A escola tabu nº 33 - O "bom" exemplo


De alguns anos para cá, constatamos que a qualidade do ensino não é mais o maior problema da educação brasileira. Algo muito pior tem vindo mascarar a incompetência da escola e não se trata apenas de uma cortina de fumaça, é algo como um tapete em brasas.

Que a rede pública brasileira é autoritária, isso já vem da ditadura militar, mas, curiosamente, desde que se fala em avaliar a qualidade das escolas, esse autoritarismo tem aumentado sobremaneira. O aluno da rede pública, principalmente o adolescente e o do curso noturno, tem sido tratado como criminoso em potencial. Por qualquer motivo chama-se a polícia na escola, que aliás já costuma estar a postos. E dá-lhe suspensão, suspensão coletiva e expulsão por motivo fútil. O aluno não tem direito a defesa, a não ser diante de "tribunais" de exceção formados pelos Conselhos de Escola, onde brinca-se de promotor, advogado e juri.

O que o Conselho decide, está decidido! Trata-se de um jogo de cartas marcadas que resulta num fenômeno (mais um!) que os sociólogos brasileiros ainda não se dignaram a estudar: a "transferência compulsória". Essa transferência é, na verdade, expulsão pura e simples, pois todos os alunos vítimas dessa manobra são muito claros: receberam a tal "transferência" para... lugar algum. A escola simplesmente os coloca na rua e manda que "se virem" para encontrar vaga em qualquer outro lugar. É óbvio que aluno da rede publica não anda de mercedes com motorista e precisa estudar no mesmo bairro onde mora. Mas o fenômeno da "transferência" compulsória reserva mais uma surpresa: a "ficha" do aluno é amplamente divulgada para todas as escolas da região, através de profissionais da "educação" que fazem a caveira do aluno para seus colegas que dão aula no mesmo bairro. Assim, a criança ou adolescente "transferidos"... para lugar algum acabam não encontrando vaga em nenhuma outra escola, já que chegam em todas com a pecha de arruaceiros, bagunceiros, laranjas podres etc. etc.
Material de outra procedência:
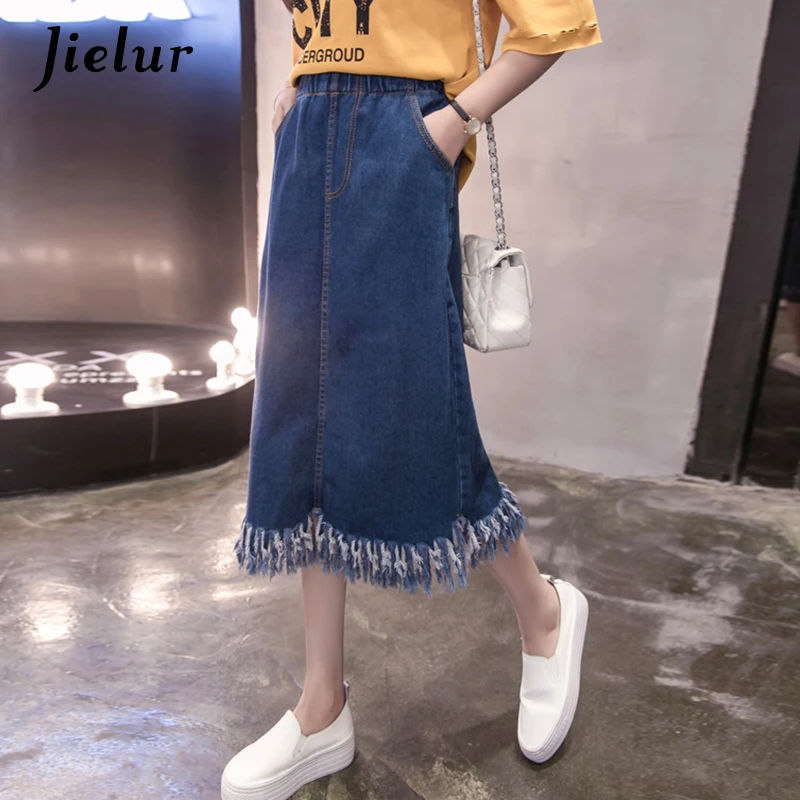 Jielur Новые Карманы синие женские джинсовые юбки с кисточками свободный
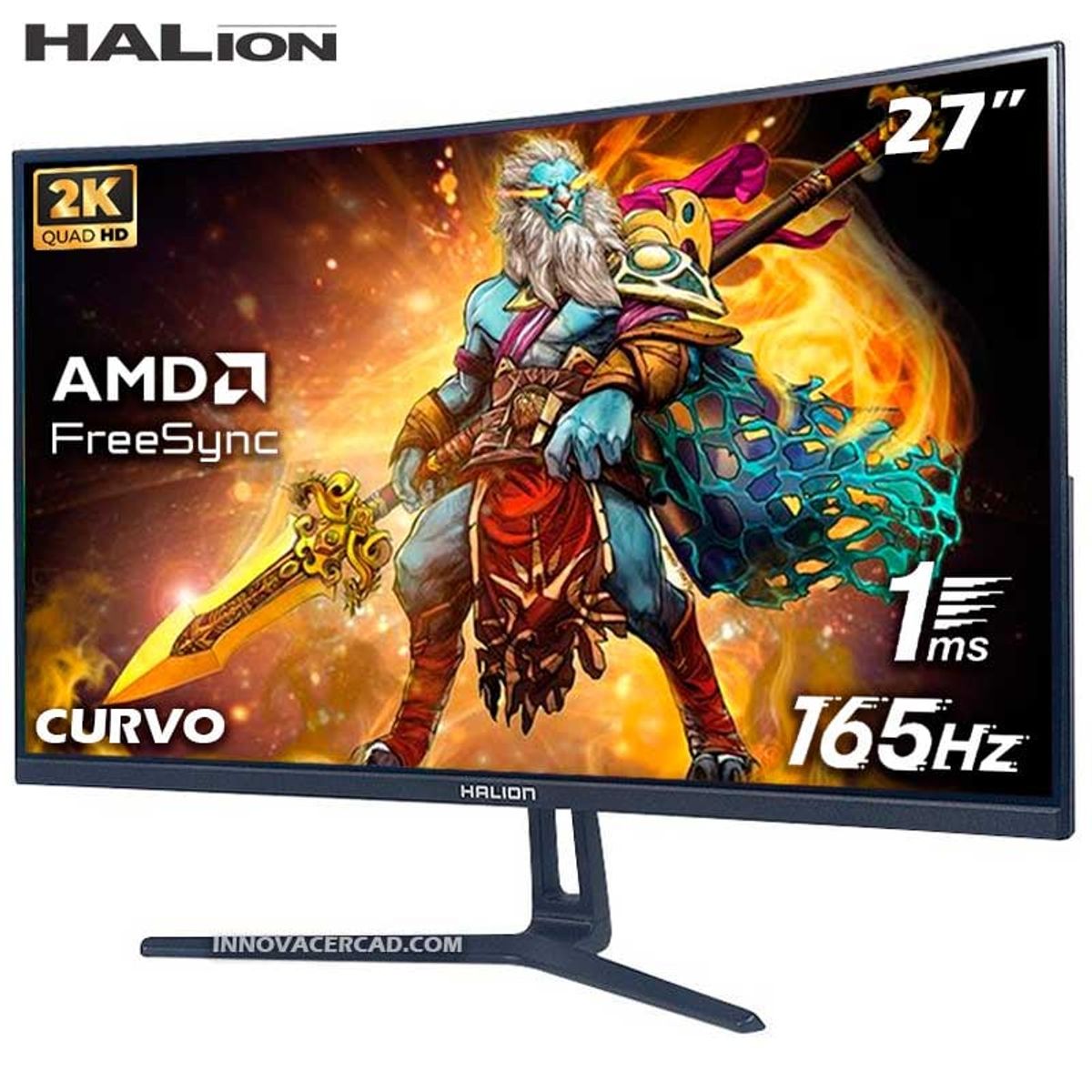 HALION - Monitor HALION HG 2725QC 27 Curvo 2K QHD 165Hz 1ms FreeSync.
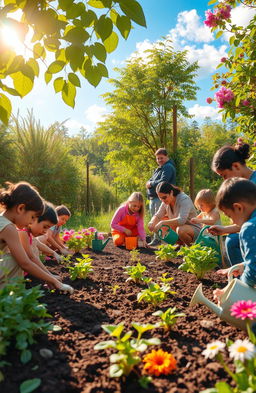 A picturesque scene depicting a horticulture journey focused on the theme 'roots of resilience'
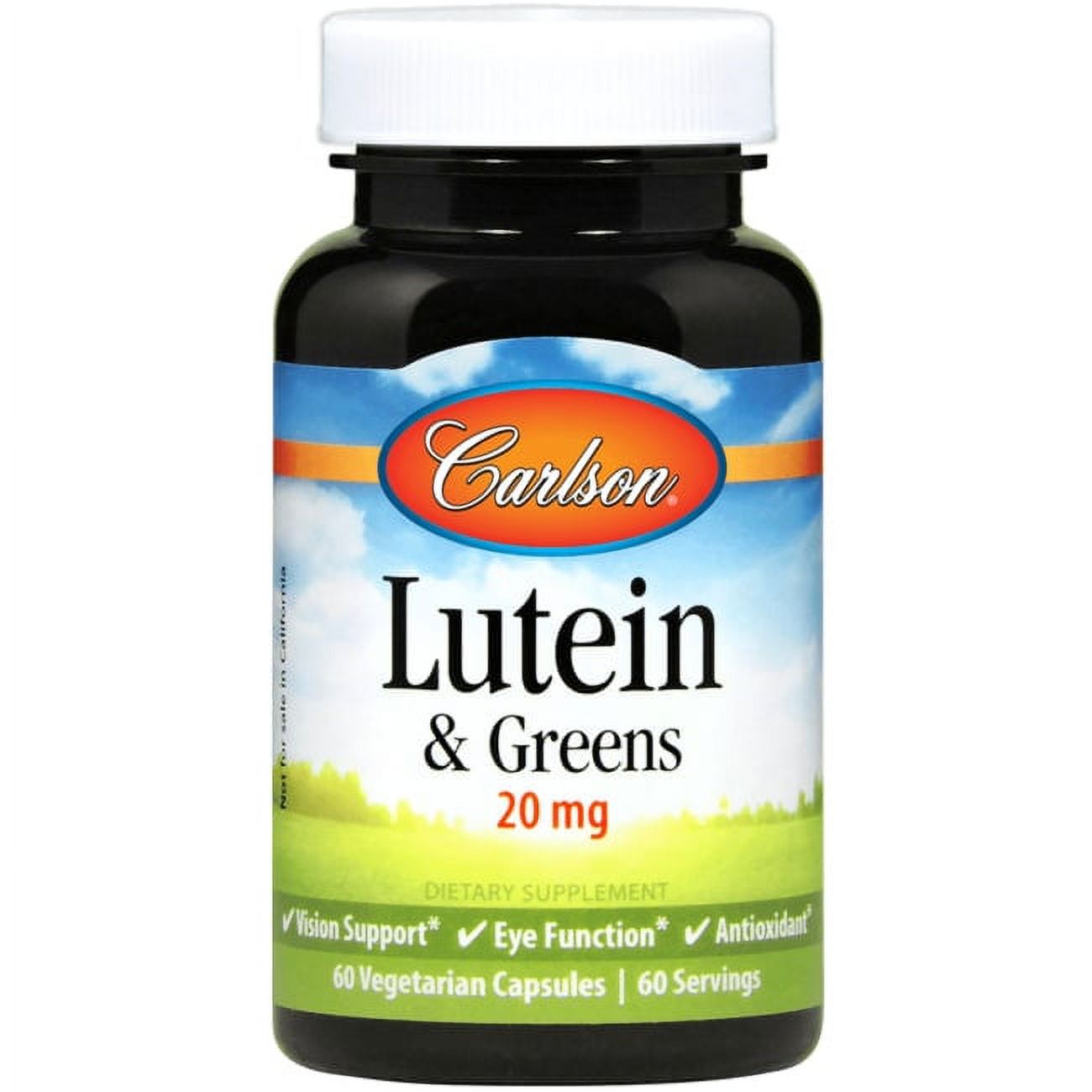 Carlson Labs Lutein & Greens 20 mg. 60 Capsules Formerly Lutein 15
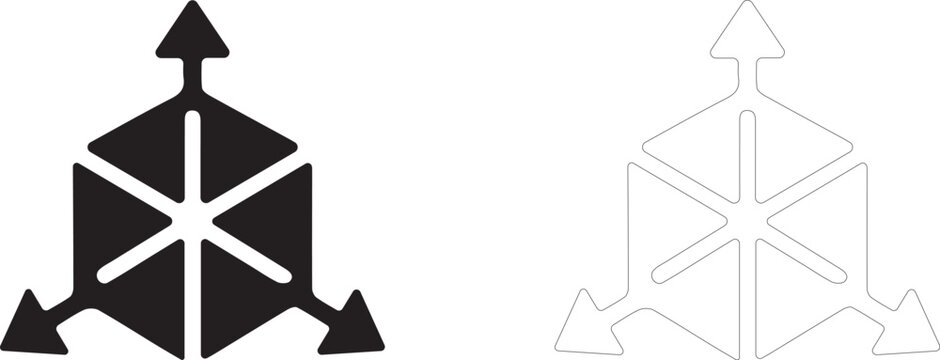 Coordinate axes vector icon, three dimensional space symbol, land surveying blueprint and spatial engineering.
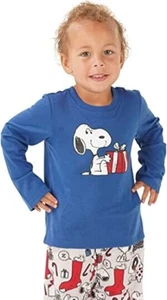 NWT! Munki Munki Kids Sz 8 Kids Peanuts Snoopy Holiday Crew Neck Pajama Top - Picture 1 of 6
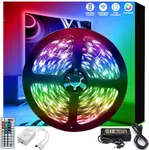 LETOUR LED Strip Lights RGB Color Changing 16.4Ft 5m with 44 Keys Remote Controller 12V Power Supply 300 LEDs Tape Lights 5050 RGB Kit for Bedroom/Living Room/Kitchen/DIY Decoration/Party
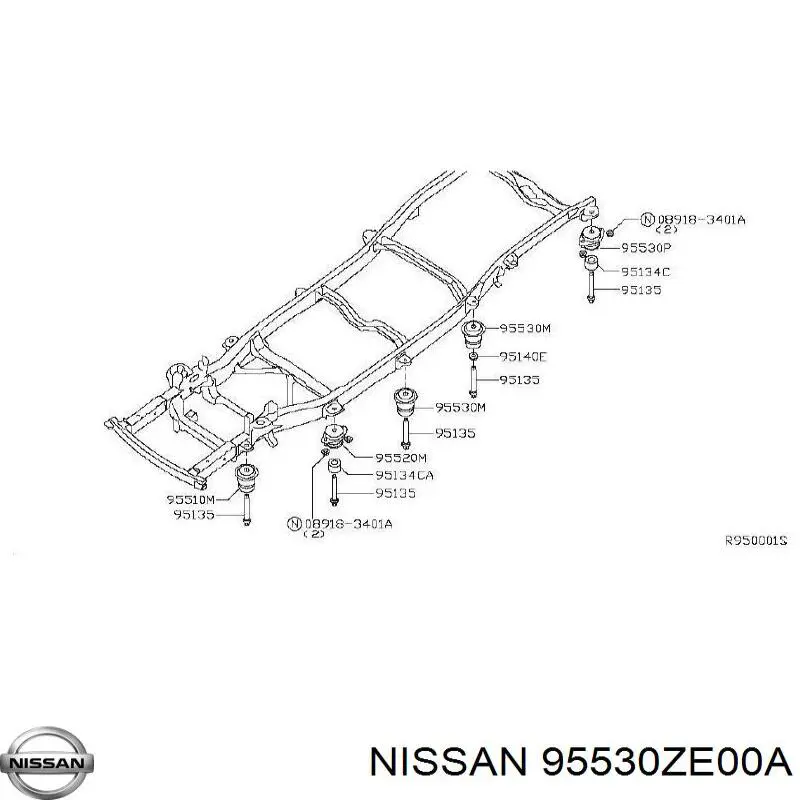 Подушка рамы (крепления кузова) Nissan 95530ZE00A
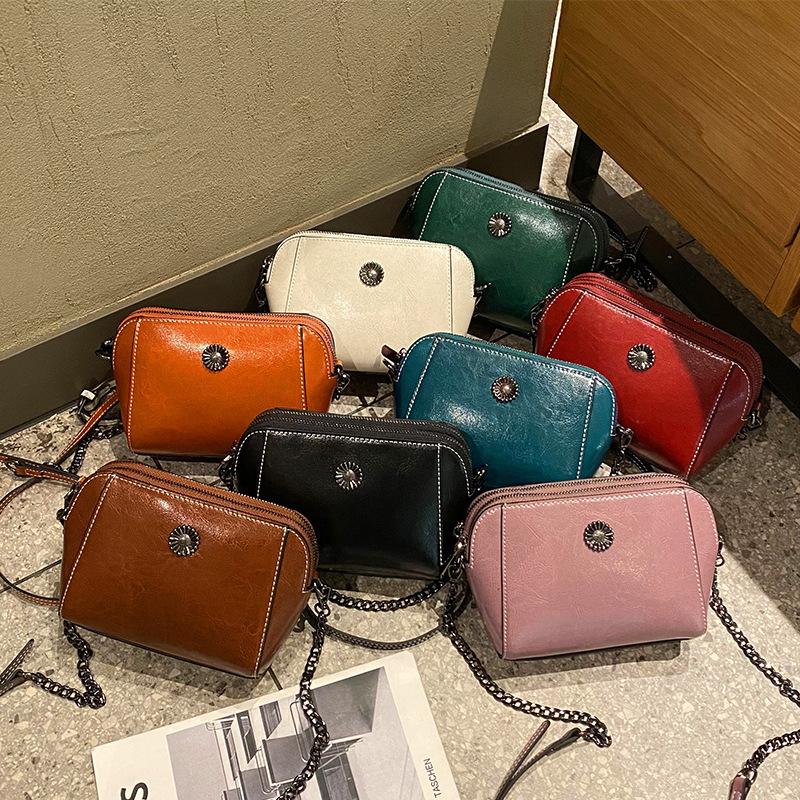 Neue Modische Rindsleder Umhängetasche Handytasche Kettenschale Tasche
A voz do aluno nunca é ouvida, a não ser por nós, pais de ex-alunos que sabem de que forma foram tratados os próprios filhos. Dificilmente, a criança e o adolescente faltam de respeito a um professor ou outro profissional da escola sem serem provocados. Já nossa antiga Cartilha sobre os Direitos do Aluno continha diversas expressões que alunos e pais haviam ouvido da boca de supostos "educadores". Nos últimos meses, o leque de xingamentos ouvidos pelos alunos que nos procuram foi ampliado por diversos impropérios, por exemplo

Estrupício

A xingação mais "criativa" foi feita recentemente por uma professora que disse à classe:

Esse ambiente parece mais uma fazenda, cheio de vacas e galinhas que precisam de uma linguiça para ficarem felizes.

Uma das alunas respondeu que não era uma fazenda com os tais animais, pois a filha dela não estudava ali.

A aluna foi suspensa e está em vias de receber a tal "transferência" para lugar algum. Ela pediu desculpas, mas não adiantou. A diretora disse que "na escola dela" não admite aluno desrespeitar professor. Mas ela admite o mau exemplo de supostos "educadores"! É uma tremenda inversão de valores, onde exige-se do ser em formação mais responsabilidade do que do marmanjo...

Essa é a rede pública brasileira, onde se provoca o aluno até ele revidar ou evadir. Trata-se de um dos motivos pelos quais 50% dos alunos do Ensino Médio não completam o curso...

Mas essa é uma outra história que fica para uma outra vez. O Ensino Médio público brasileiro compara-se, ele próprio, a uma transferência para lugar algum. Pobre aluno!!! Há uma década, criminosos do MEC acabaram com o curso técnico integrado ao ensino médio, justo quando em São Paulo, por exemplo, criminosos da SEE fecharam mais de 300 escolas, que poderiam ser, hoje, celeiros para oferecer bons técnicos ao mercado de trabalho. Muito triste!!! Ainda vamos contar direitinho essa história que nos indignou profundamente e nos levou às ruas, infelizmente em vão.